These functions support calling R code from query engine execution
(i.e., a dplyr::mutate()
or dplyr::filter()
on a Table or Dataset).
Use register_scalar_function()
attach Arrow input and output types to an
R function and make it available for use in the dplyr interface and/or
call_function()
. Scalar functions are currently the only type of
user-defined function supported. In Arrow, scalar functions must be
stateless and return output with the same shape (i.e., the same number
of rows) as the input.
register_scalar_function(name, fun, in_type, out_type, auto_convert = FALSE)

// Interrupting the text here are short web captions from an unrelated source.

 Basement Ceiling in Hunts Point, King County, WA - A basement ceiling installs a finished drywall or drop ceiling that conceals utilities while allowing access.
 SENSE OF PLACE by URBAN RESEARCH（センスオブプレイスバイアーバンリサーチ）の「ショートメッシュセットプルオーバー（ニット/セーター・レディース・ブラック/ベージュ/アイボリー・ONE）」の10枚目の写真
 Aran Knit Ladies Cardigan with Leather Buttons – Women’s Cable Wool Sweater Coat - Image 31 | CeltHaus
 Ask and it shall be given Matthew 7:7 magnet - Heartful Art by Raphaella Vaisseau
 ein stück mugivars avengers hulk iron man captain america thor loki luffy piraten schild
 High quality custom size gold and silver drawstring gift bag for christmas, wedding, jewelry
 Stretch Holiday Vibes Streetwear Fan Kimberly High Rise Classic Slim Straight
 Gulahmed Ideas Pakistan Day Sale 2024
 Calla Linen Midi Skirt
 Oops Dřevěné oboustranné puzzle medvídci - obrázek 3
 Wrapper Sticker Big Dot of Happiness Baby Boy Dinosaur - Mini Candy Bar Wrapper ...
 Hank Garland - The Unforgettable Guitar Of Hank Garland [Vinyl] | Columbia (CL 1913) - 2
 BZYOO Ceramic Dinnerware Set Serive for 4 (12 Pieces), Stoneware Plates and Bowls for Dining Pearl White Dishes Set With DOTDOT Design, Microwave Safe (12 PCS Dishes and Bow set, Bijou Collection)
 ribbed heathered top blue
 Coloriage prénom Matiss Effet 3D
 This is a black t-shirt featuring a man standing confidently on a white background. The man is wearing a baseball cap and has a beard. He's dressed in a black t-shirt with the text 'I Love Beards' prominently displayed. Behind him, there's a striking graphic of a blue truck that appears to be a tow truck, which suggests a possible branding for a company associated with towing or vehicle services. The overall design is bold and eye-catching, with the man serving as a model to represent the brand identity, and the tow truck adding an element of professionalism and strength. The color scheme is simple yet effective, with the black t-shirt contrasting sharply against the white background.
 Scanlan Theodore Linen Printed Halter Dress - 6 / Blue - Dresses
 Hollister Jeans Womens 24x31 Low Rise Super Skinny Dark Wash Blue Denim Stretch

The function name to be used in the dplyr bindings
An R function or rlang-style lambda expression. The function
will be called with a first argument context
which is a list()
with elements batch_size
(the expected length of the output) and
output_type
(the required DataType of the output) that may be used
to ensure that the output has the correct type and length. Subsequent
arguments are passed by position as specified by in_types
. If
auto_convert
is TRUE
, subsequent arguments are converted to
R vectors before being passed to fun
and the output is automatically
constructed with the expected output type via as_arrow_array()
.
A DataType of the input type or a schema()
for functions with more than one argument. This signature will be used
to determine if this function is appropriate for a given set of arguments.
If this function is appropriate for more than one signature, pass a
list()
of the above.
A DataType of the output type or a function accepting
a single argument (types
), which is a list()
of DataTypes. If a
function it must return a DataType.
Use TRUE
to convert inputs before passing to fun
and construct an Array of the correct type from the output. Use this
option to write functions of R objects as opposed to functions of
Arrow R6 objects.
NULL
, invisibly
library(dplyr, warn.conflicts = FALSE)
some_model <- lm(mpg ~ disp + cyl, data = mtcars)
register_scalar_function(
"mtcars_predict_mpg",
function(context, disp, cyl) {
predict(some_model, newdata = data.frame(disp, cyl))
},
in_type = schema(disp = float64(), cyl = float64()),
out_type = float64(),
auto_convert = TRUE
)
as_arrow_table(mtcars) %>%
transmute(mpg, mpg_predicted = mtcars_predict_mpg(disp, cyl)) %>%
collect() %>%
head()
#> mpg mpg_predicted
#> 1 21.0 21.84395
#> 2 21.0 21.84395
#> 3 22.8 26.08886
#> 4 21.4 19.82676
#> 5 18.7 14.55267
#> 6 18.1 20.50602